Gülce Edebiyat Akımı

Tam Görünüm: GÜLCE'DE 345.GÜN(24.08.2009)
Şu anda Hafif Görüntüleme modundasınız. Sayfayı normal görüntülemek için, buraya tıklayın.




Gönderen: MustafaCeylan/GÜLCE-Yeni Edebi Akım
Alan: Grup: Gülce
Tarih: 24.08.2009 20:21:00
Konu: Arif Nihat Asya ve Çok Özel
----------------------------------------


Arif Nihat Asya ve Çok Özel

Mustafa CEYLAN
*****************************

Her şairin kendine has, normal insanlardan ayrı bir dünyası vardır. Bu şair dünyasını ancak, en yakınları, aile fertleri ve ona çok yakın olmuş talebeleri bilebilirler.
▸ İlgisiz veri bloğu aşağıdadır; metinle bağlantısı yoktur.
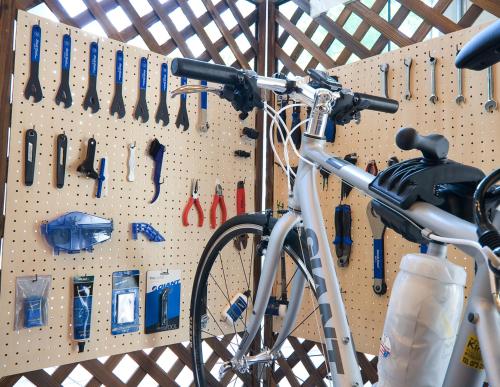 a bicycle is parked in a garage with knives andrenches at 汐の丸 in Imabari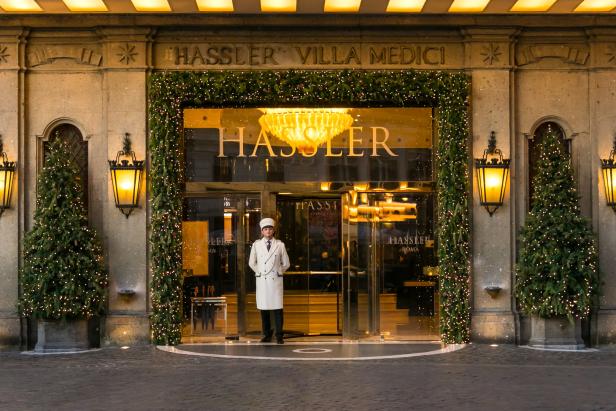 Ein Hotelpage steht vor dem weihnachtlich geschmückten Eingang des Hotels Hassler in Rom.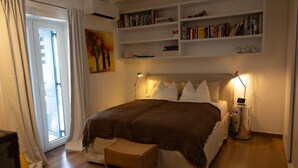 A bedroom with a large bed, bedside lamps, a bookshelf, and a painting on the wall. - Vila Koko by Interhome (Opatija/Rukavac)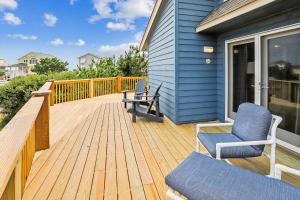 a wooden deck with two chairs on a house at 3979 - Wright by the Coast in Duck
Çoğu da, şiirlerinin ruh kökünün ilham kılcallarının indiği dehlizlerdir bunlar ve zamanla sararan birer fotoğraf gibi hafızalarımızda birer hatıra olarak kalırlar.

Benim hatırlayabildiğim ve vefatından sonra da eş-dost-akraba ve yakınlarıyla, kimi üstadlardan duyduğum, yayınlardan tespit edip derlediğim Arif Nihat Asya Çok Özel maddeler halinde anlatacak olur isek şöyleydi:

-Yurt gezilerinde, konferanlarda konaklanacak otelin yıldızlı olup olmadığına bakmaz, mevcudla yetinir, tek dikkat ettiği 'sabah kahvesi ve sabah gazetesinin hazır edilmesi'dir, çünkü bulmaca çözecek ve beyin jimnastiği yapacaktır.

-Sabah kahvaltısında yanında kim varsa, günün ilk nüktesini ona yapacak ve pratik zekâsını, yanındakinin şaşkınlığına tebessüm ederek gösterecektir.

-Yanında, cebinde sürekli küçük boy bir not defteri taşır; gençlere de sakın ola not deftersiz dolaşmayınız,söz uçar yazı kalır, bu size önemli bir öğüttür derdi.

-Tabiata ve özellikle de çiçeklere âşıktı. Konaklanan bir otelde daha önce görmediği bir çiçek mi gördü, ne eder eder, o çiçek hakkında bilgiler edinirdi.

-Sigarasını ağızlıkla içer, az sigara içmek için de, ağızlığına yarıya böldüğü sigara takardı.(Bugün aynı şeyi H.Rıdvan Çongur yapmakta)

-'Hocayı, en günlük konulardan tarihin derinliklerine kadar ne varsa herşey ilgilendirirdi. Ne bileyim, söz gelimi Adana'da öğretmen bulunduğu günlerde, bisiklete binmiş bol bol.Çamurlukları yokmuş bisikletinin. Adana'nın yağmuru-çamuru mâlum. Yağmurlu bir günmüş, paçalarına, sırtına sıçramış çamurlarla bir caddeden geçiyormuş Hoca. Halk iki yana çekilmiş, cadde bomboş. Bir alkış kopmuş birden. Hoca 'Ne oluyor yahu? ' demeğe kalmamış, kalabalık şampiyonu kucaklar gibi kucaklamış O'nu. Meğer o gün bisiklet yarışı varmış. Hoca dar bir sokaktan kayıvermiş ana caddeye herşeyden habersiz.. Onu bisikletiyle görenler sanmışlar ki Arif Nihat Asya yarışa girmiş ve birinci gelmiştir...' (Töre Dergisi / Şubat-1975, sayı:45,Aclan Sayılgan)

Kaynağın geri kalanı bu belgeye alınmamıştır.